We recently were reviewing proposals from two vendors. One vendor claimed 100% uptime. Another vendor claimed 99.95% uptime. Our SLA to customers is below both of those numbers, but 100% feels better than 99.95% right? So we should go with 100% right?
My experience is that the uptime number in an SLA is purely for marketing purposes. Pure. Marketing. Purposes. If you read 100% and think the service will be online for 100% of the time? Shame on you.
The really important thing is the detail behind the SLA. Here are a few tricks I've seen that make a 99.999% SLA roughly worth nothing.
- What are the exclusions? Most service providers are hosted somewhere (Amazon? Physical space?) that has it's own uptime guarantee. If that provider goes down is your SLA still in effect? Many SLAs exclude acts of nature like a hurricane that can take down a single provider.

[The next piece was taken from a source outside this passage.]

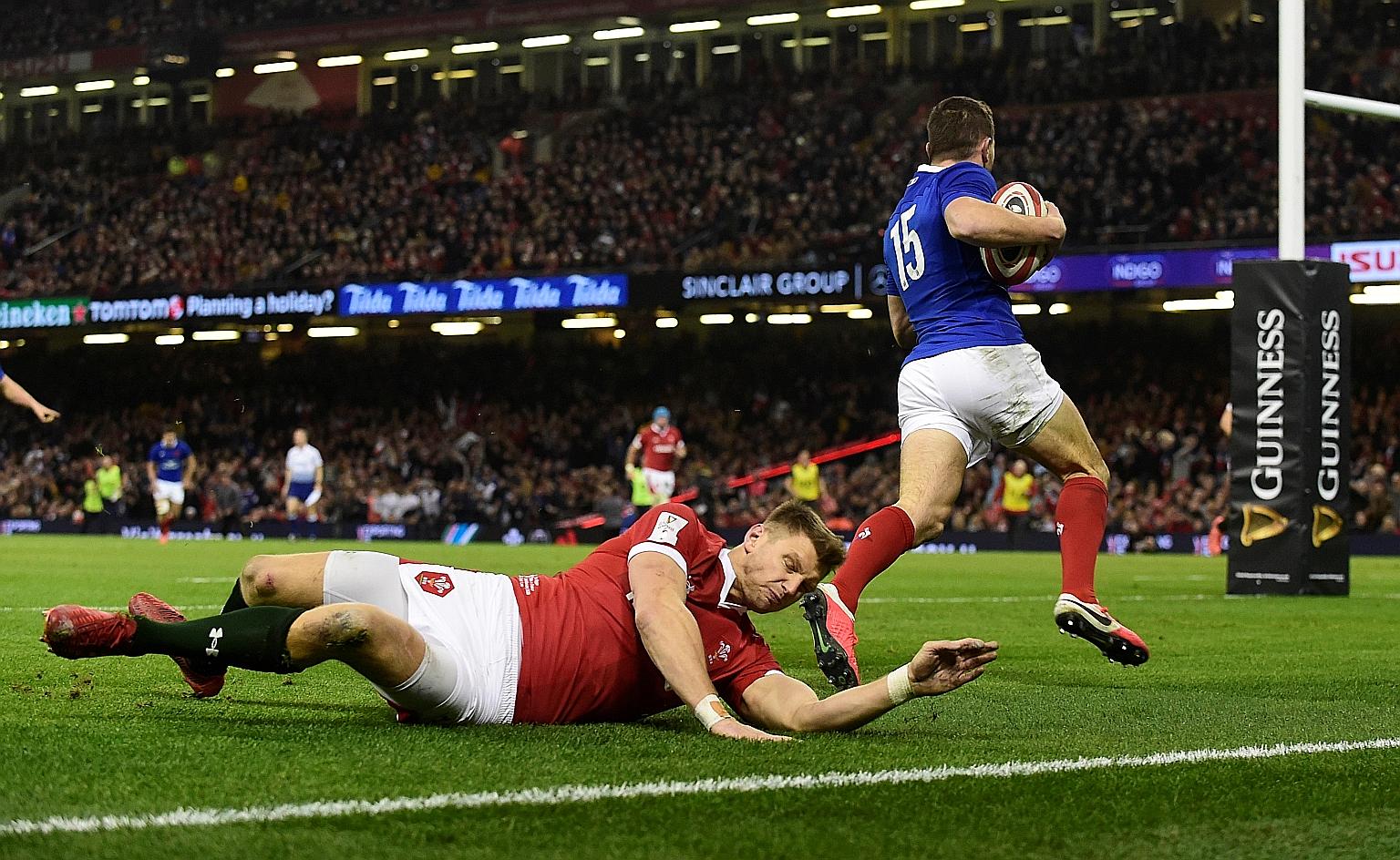Anthony Bouthier scoring France's first try in their 27-23 win. The visitors held firm against Wales' second-half fightback to stay top of the Six Nations standings with three wins.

- What do you get when the number is broken? Some contracts give you a credit. Some give you cash. Some give you a credit that is worth your monthly cost multiplied by the percent of time they were offline. Is that worth much to you?
- Do you get more if the outage is persistent? If a service dies for an hour that's a problem. If it dies for a day that is horrible. I want to be compensated more if the outage is prolonged.
- Whose monitoring counts? What kind of monitoring? I've had times where my monitoring (Pingdom) showed a site was offline for hours, but internal monitoring showed it was fine. I got no credits.
- What counts as "down" - if the service is online but taking 10 times longer than normal to process requests, is that OK? What if the service is online but network connectivity is degraded?
- How are periods of downtime calculated? An SLA I read only counted a full hour of continuous downtime as real downtime. Many outages are 10 minutes here, 20 minutes there. I want to be compensated for those as well.